I am going to make a potentially challenging statement:
Maybe everything we create is not meant to be shared.
I know, mind blown—right?
Where did we get this idea that just because we think or feel or generate something, it must be shared with others?
Since we first smiled or scribbled a crayon picture as little human beings, we’ve desperately sought to share our creations with others—for approval, for affirmation,
to make sure we do, in fact, belong.
If others like what we create, it does not alter what we have created. It does not validate it or prove it is good. If others hate what we create, it does not alter what we have created. It does not invalidate it or prove it is bad.
It just means that someone has an opinion about what we’ve created.
There is an idea today about the importance of building the career of an artist. Of building a platform. And these are reasonable ideas to attain reasonable goals: sales, popularity, and to build a community of like-minded people.
But it doesn’t mean what we create is great, or even good.

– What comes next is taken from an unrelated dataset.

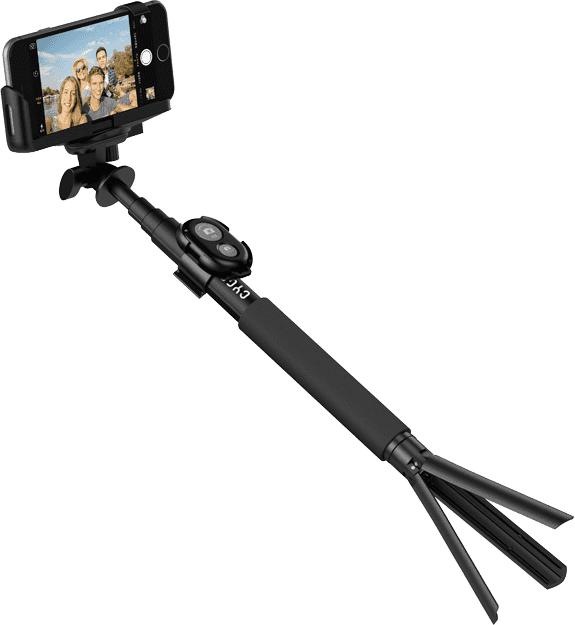 Produktbild Cygnett GoStick Selfie Stick und Stativ mit Bluetooth Fernbedienung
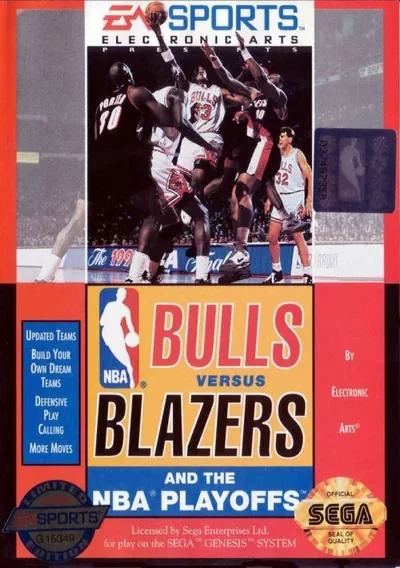 Bulls Vs Blazers And The NBA Playoffs (V1.1)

Recently, I read a new book by an established author. The novel hit all the trend buttons prevalent in our best sellers right now, but I could tell that the author herself was bored with her own writing. Even though she had obviously worked very hard at her writing craft and written very well, built an excellent online presence, and networked beautifully, she lost what she loves about her own creations in process.

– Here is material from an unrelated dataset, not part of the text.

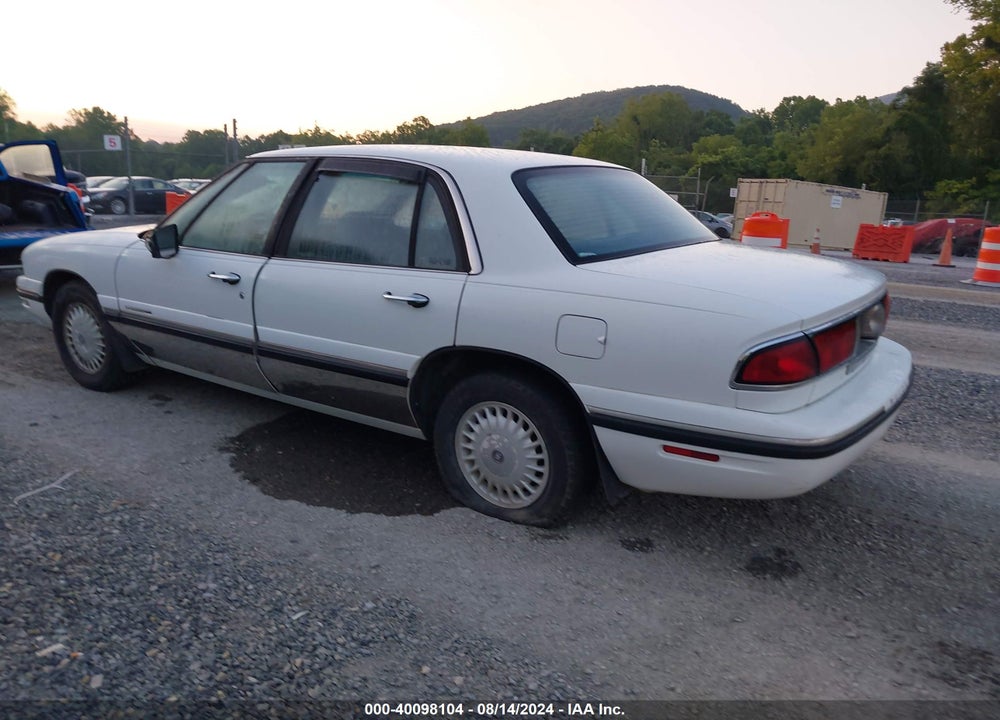 1998 BUICK LESABRE CUSTOM VIN: 1G4HP52K4WH447284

If you don’t like what you’ve created, it really doesn’t matter what anyone else thinks.
So if nothing else, create for yourself first.
Work with others to learn and grow–and of course, practice, practice, practice to hone your skills and your craft.
never forget that in everything you create, whether with words or crayons or music or avatars,
even as you create yourself
you are your first critic and admirer.
Don’t forget to take pleasure in your own process of creation.